E2 reactions prefer for the C-H and C-LG bond to be coplanar, 180 degrees (anti) or 0 degrees (syn, which is less common).

In cyclohexane systems, LG has to be axial in order to be anti to a C-H bond. Therefore, a ring flip has to occur on the cyclohexane formation if LG is not already axial (which it probably isnt).
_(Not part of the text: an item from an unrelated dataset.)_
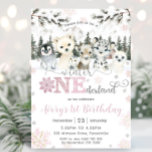 Winter Onederland Arctic Animals Snow 1st Birthday Invitation<br><div class="desc">Celebrate your little one's first birthday with this Arctic Wonderland 1st Birthday invitation! Featuring adorable arctic animals, shimmering silver snowflakes, and a serene snowy mountain and forest backdrop, this design captures the enchanting beauty of winter. With a silver and dusty pink color palette, it’s the perfect choice for a cozy,...</div>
E2 is faster than E1, so if there is a t-butyl making a ring lock, it is very difficult to do an E2 reaction.

Reactions are faster if the LG is already axial.

substituents prefer to be what position in rings

theyw ant to be equitorial because axial has higher strain. in face, t-butyl prefers so much that it prevents ring flips.

ring flip

-atoms/groups that were equatorial become axial and vice versa

strain and the three types of strain

a destabilising effect present within molecules due to electrostatic repulsions between electrons in close proximity.

Angle, torsional, and van der waal

angle strain

results when bond angles deviate from their ideal values by being stretched or compressed

torsional strain

repulsion between the electrons in adjacent bonds as they twist into closer and closer proximity, which is why eclipsed formation is so unstable

van der waal strain

due to atoms or groups being too close to each other and repulsing.

steric strain

the sum of all strain present in a molecule

ring strain

strain in a cyclic structure compared to an analogous acyclic structure. due to angle and torsional strain

cyclohexane conformations - chair

the most stable conformation.
all bond angles are close to 109.5 degrees, so no angle strain.
all bonds are staggered, so no torsional strain.
it is planar.

cyclohexane conformations - boat

second most unstable conformation
bond angles are close to 109.5 degrees, so no angle strain.
the conformation is eclipsed along the deck, leading to torsional strain.
the two H attached to the folded over C on each side have a flagpole interaction because they are very close, leading to van der waal strain.

cyclohexane conformations - twist boat

same as boat formation, but there is a little twist so C-H at deck are slightly not eclipsed. moves the H's further apart, so less van der waal and torsional strain.

cyclohexane conformations - half chair

some bond angles are distorted, with some eclipsing leading to torsional and angle strain.

energy diagram of cyclohexane conformations

size and preference for cyclohexane position

as alkyl substituents get larger, there is a greater preference for them to be equitorial.

t-butyl is so big that it prevents ring flips.

if you have two substituents, the cyclohexane will try to be in the position where the larger one is equatorial.